In Korean Seon (선) Buddhism (Ch. “Chan”, Jap. “Zen”) practitioners often meditate on paradoxical or nonsensical riddles known as koans (공안 or “ kong-an” in Korean) to gain insight into the nature of thought, perception and reality. One of the most famous of these riddles is “Why did the Bodhidharma (Kr. “Dalma” or달마) come from the west?” The Zen master Zhaozhou answered, “The cypress tree in front of the hall.” I‘m not sure about that myself, but thankfully the mundane answer is a bit more simple.
The Bodhidharma was the legendary founder and first patriarch of Zen Buddhism and he is an icon of Korean Buddhism. His stylized ink and brush portraits often depict him as a burly figure, shrouded and scowling with bulging eyes and a long bushy beard. Originally a prince hailing from Tamil Nadu, or possibly Iran, he was a master of Dhayana meditation (the name of which later permutated into “Chan” in Chinese, then Korean “Seon” and finally “Zen” in Japan). He was also an adherent of the Mahayana Lankavatara Sutra, an esoteric scripture emphasizing self-realization of enlightenment and the primacy of the human mind.
The Bodhidharma is believed to have come to China in the 5th cen. C.E. where Buddhism had already been well established. In fact the current Emperor Wu was an ardent patron and the Bodhidharma’s appearance before the Emperor became something of legend. Their encounter is said to have gone like this (which I shall quote from www.onmarkproductions.com):
“I’ve constructed dozens of Buddhist temples, supported hundreds of monks and nuns, and sponsored countless religious ceremonies,” the proud emperor informed [Bodhidharma]. “How great is my merit?”

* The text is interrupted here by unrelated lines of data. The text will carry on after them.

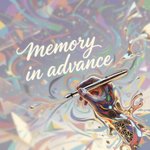 Thumbnail of The Extended Hand: How Writing by Hand Rewires Your Cognitive Boundaries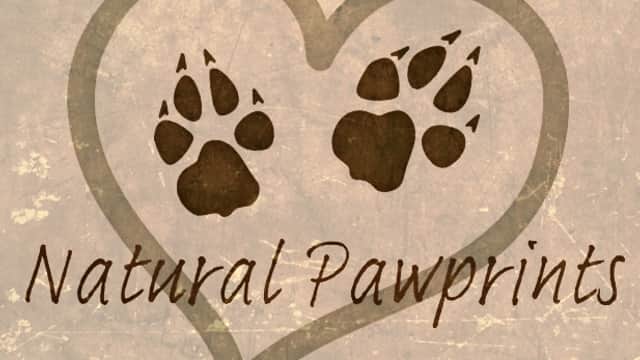 Natural Pawprints - Pet Shops in filey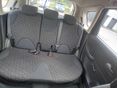 NISSAN NOTE 2006/12 - 3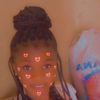 user1148056315307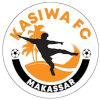 Kasiwa logo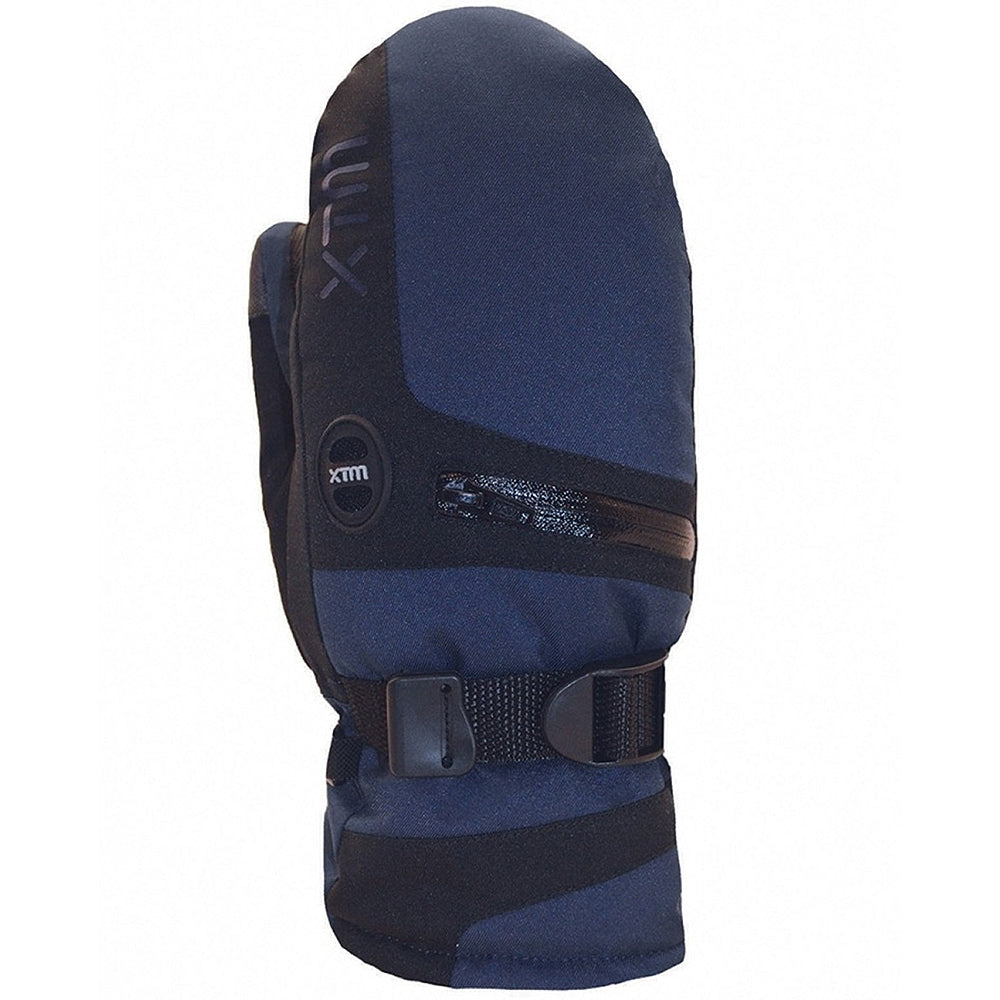 XTM Miso Kids Snow Mitt 2018 Navy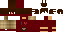 Texture for DD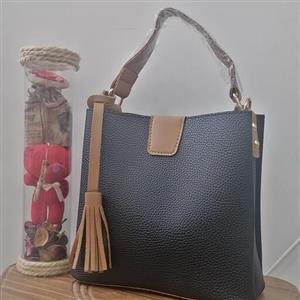 کوله کد 05پس کرایه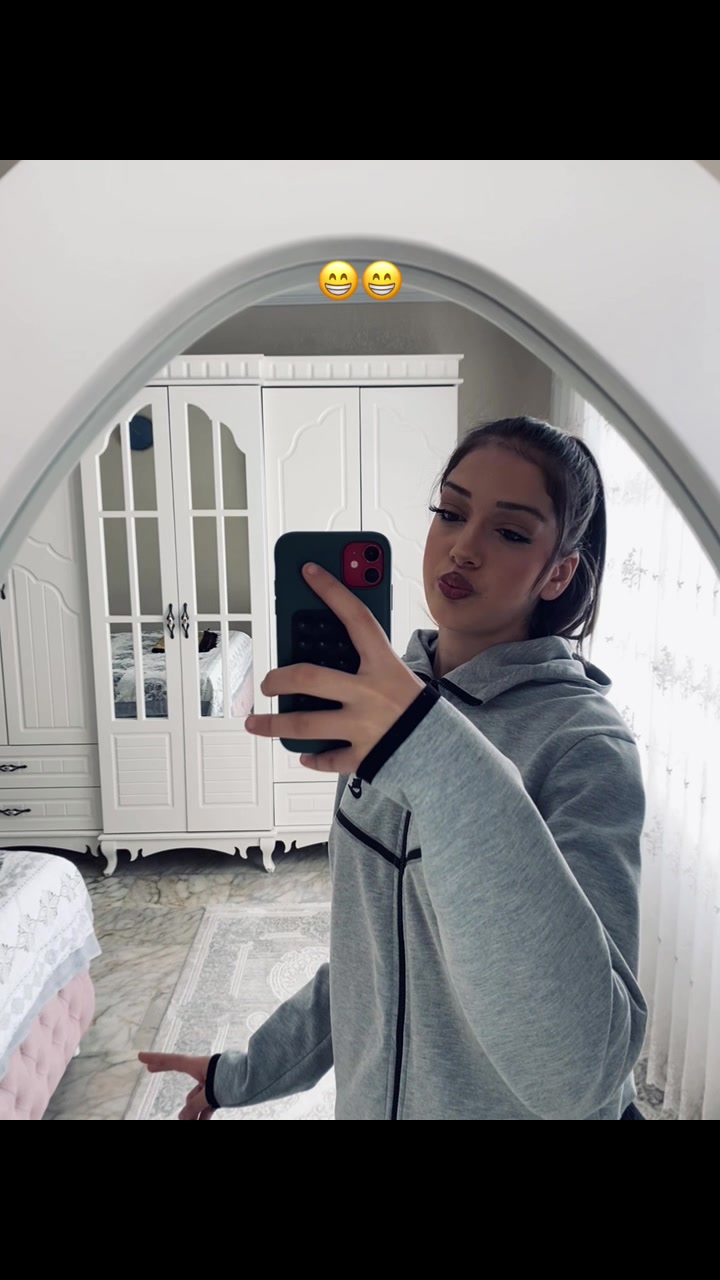 @sumosyyll33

“No merit at all,” [Bodhidharma] replied bluntly.
“Tell me then,” the emperor wanted to know, “What is the first principle of Buddhism?”
“Vast emptiness, nothing holy!” [Bodhidharma] shot back.
“Who are you?” the thoroughly perplexed emperor demanded.
“I don’t know!” [Bodhidharma] announced, departing as suddenly as he had appeared.
The legends tell that he then retreated north to the mountains and settled in a cave near the famed Shaolin Monastery. Here he practiced his “wall gazing” Dhayana mediation for nine long years. It was said his practice was so diligent that his legs atrophied from lack of use and he cut off his eye lids to keep from dozing off while meditating! It was through another such gruesome legend (which I’ll be retelling in Part 2) that the Bodhidarma here gained his first disciple, Dazu Huike, who became the 2nd Patriarch of Zen.
Further apocryphal tales (perhaps familiar to fans of 70’s Kung Fu flicks) hold that after his nine years of wall-gazing, he left his cave and settled with the Buddhist monks at the Shaolin temple. He found the Shaolin monks in such poor physical condition that he taught them Indian martial arts forms to whip them into shape. These developed into the bare hand and staff fighting styles for which the Shaolin are famous.
These fighting techniques came in handy in the following centuries when monks had to defend their monasteries from marauding bandits. These skills were in turn transited as Seonmudo (선무도) with the spread of Zen Buddhism in Korea in the 9th cen. CE. This martial art changed the course of Korean history in the 1590’s when it enable Korean monks to form armies and repel the Japanese Hideyoshi Invasions.
Before passing away, or possibly disappearing back to the west, he symbolically left his bowl and robe to his successor, Dazu Huike, the 2nd Patriarch (again, more on that in part 2). It’s also rumored he left several manuscripts behind at the Shaolin Temple. One that has survived until modern times is the “Yi Jin Jing”, a classic manual of Qi Gong martial arts fundamental to Shaolin practice of martial arts.